Bibel im 21. Jahrhundert (4)
„Wie lese ich die Bibel mit den Augen des 21. Jahrhunderts?“ – Dieser Frage geht die MK wöchentlich auf dieser Seite nach. Von der Arche Noah bis zum Jüngsten Gericht greift sie heiße Eisen der Heiligen Schrift auf und erläutert sie interessierten Gläubigen von heute.
Diese Woche geht es um die Frage: Dem ersten Timotheusbrief zufolge darf ein Bischof verheiratet sein. Was heißt das für die katholische Kirche?
Pfarrer Stefan Maria Huppertz ist Leiter des Pfarrverbands München West.

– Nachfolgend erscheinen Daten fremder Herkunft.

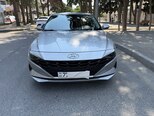 Hyundai Elantra-1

Der Zölibat macht Sinn. Er ahmt die Lebensweise Jesu nach, verweist auf die Hoffnung auf den immer Größeren und hält den Zölibatären verfügbar. Es sei denn, er kreist eh nur um sich …
Die Ehe macht Sinn. Sie bildet Gemeinschaft, verweist auf die Verantwortung füreinander und macht die Eheleute so offen für die Belange anderer. Es sei denn, das Paar genügt sich selbst allein. Das gilt im Guten und Schlechten für jede Art von aufrechter Partnerschaft.
Der Zölibat ist nicht besonders respekteinflößend. Er ist eine Art zu leben, die mit Verzicht und Möglichkeiten einhergeht. Die Ehe ist nicht besonders respekteinflößend. Sie ist eine Art zu leben, die mit Möglichkeiten und Verzicht einhergeht. Respekteinflößend ist jede Art von gelungenem und entschiedenem Leben, das ohne Doppelleben und ohne Doppelmoral auskommt. Das hat mit Möglichkeiten und Verzicht zu tun.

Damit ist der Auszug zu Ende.